- Stored items from a collection
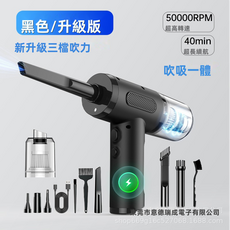 GURFOON 手持吹塵吸塵器吹吸兩用, 如圖, 標準款（0822）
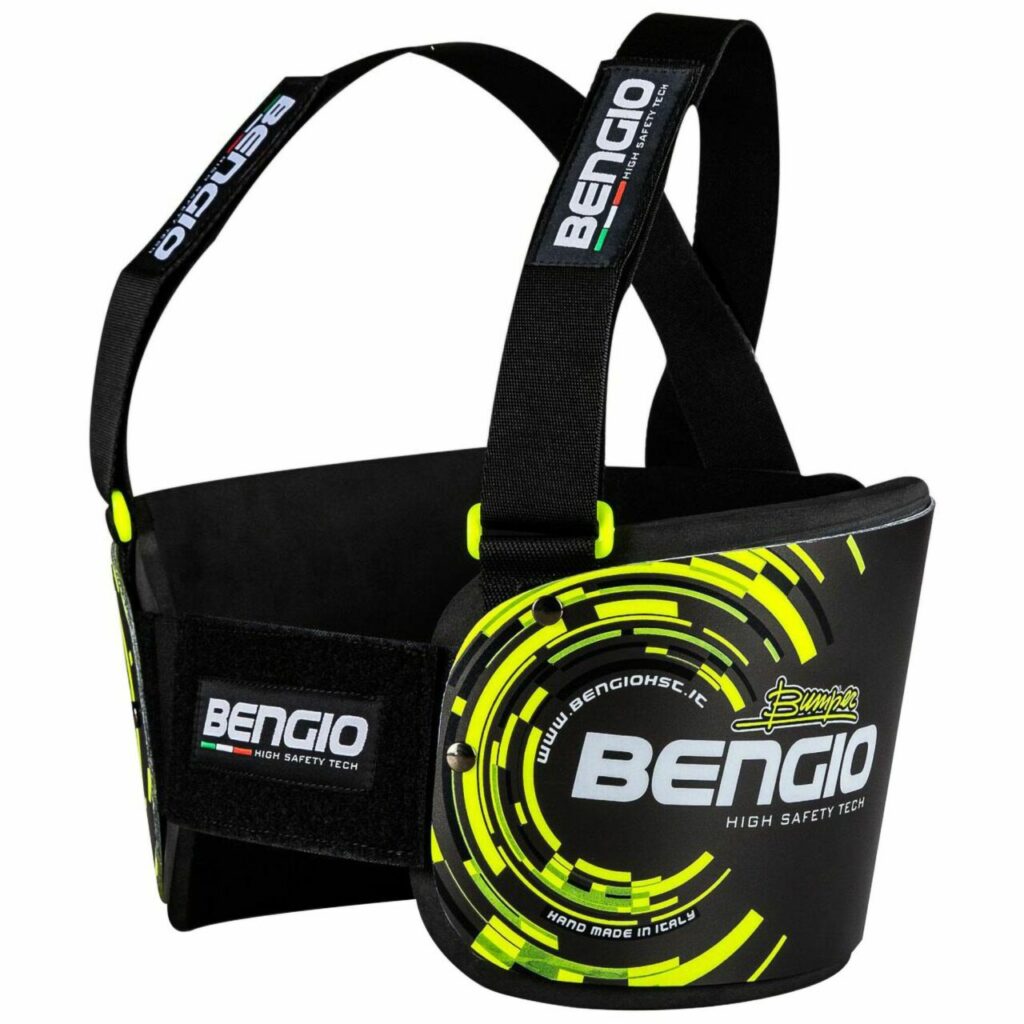 Bengio Bumper Standard Karting Rib Protector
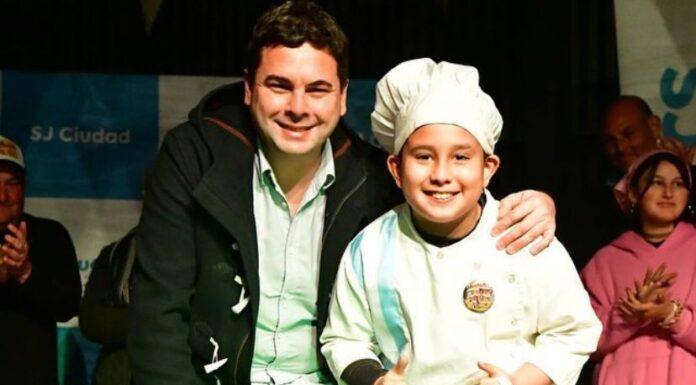 El Intendente de San José, Entre Ríos dona la mitad de su sueldo a merenderos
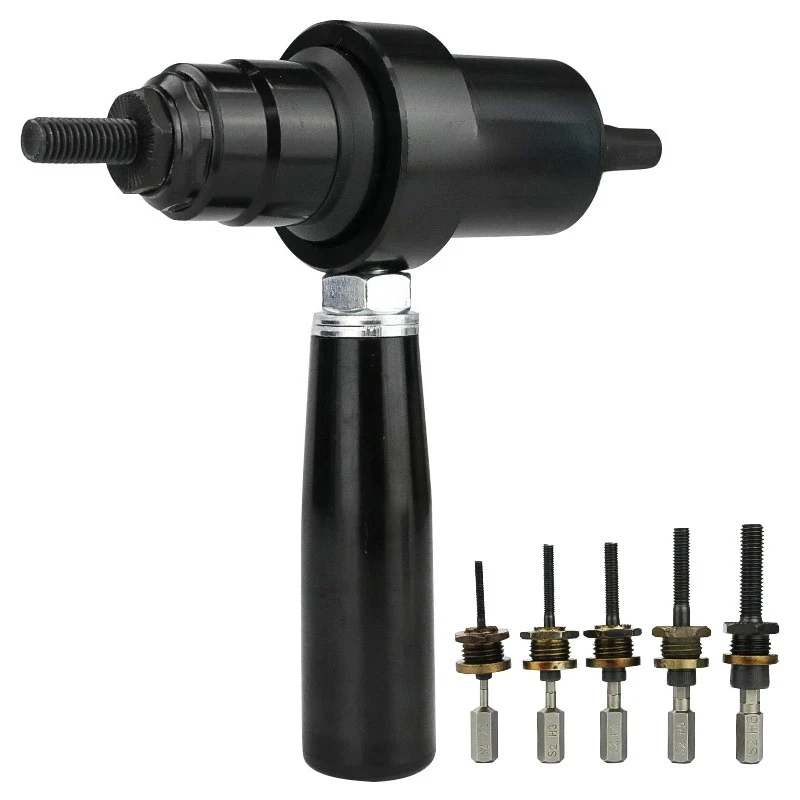electric-charging-pull-head-pull-rivet-nut-riveting-gun-rivet-nut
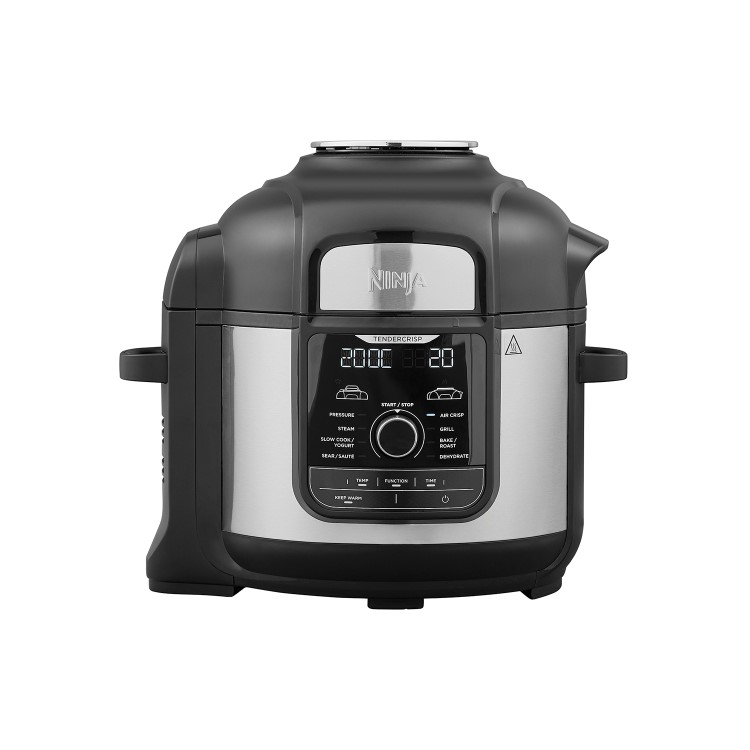 Ninja OP500UK Foodi Max 9-in-1 7.5L Multi-Cooker & Air Fryer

- WHAT TO PRODUCE
Excluding every picture, write out each record word for word.

- EXERCISE OUTPUT
 GURFOON 手持吹塵吸塵器吹吸兩用, 如圖, 標準款（0822）
 Bengio Bumper Standard Karting Rib Protector
 El Intendente de San José, Entre Ríos dona la mitad de su sueldo a merenderos
electric-charging-pull-head-pull-rivet-nut-riveting-gun-rivet-nut
 Ninja OP500UK Foodi Max 9-in-1 7.5L Multi-Cooker & Air Fryer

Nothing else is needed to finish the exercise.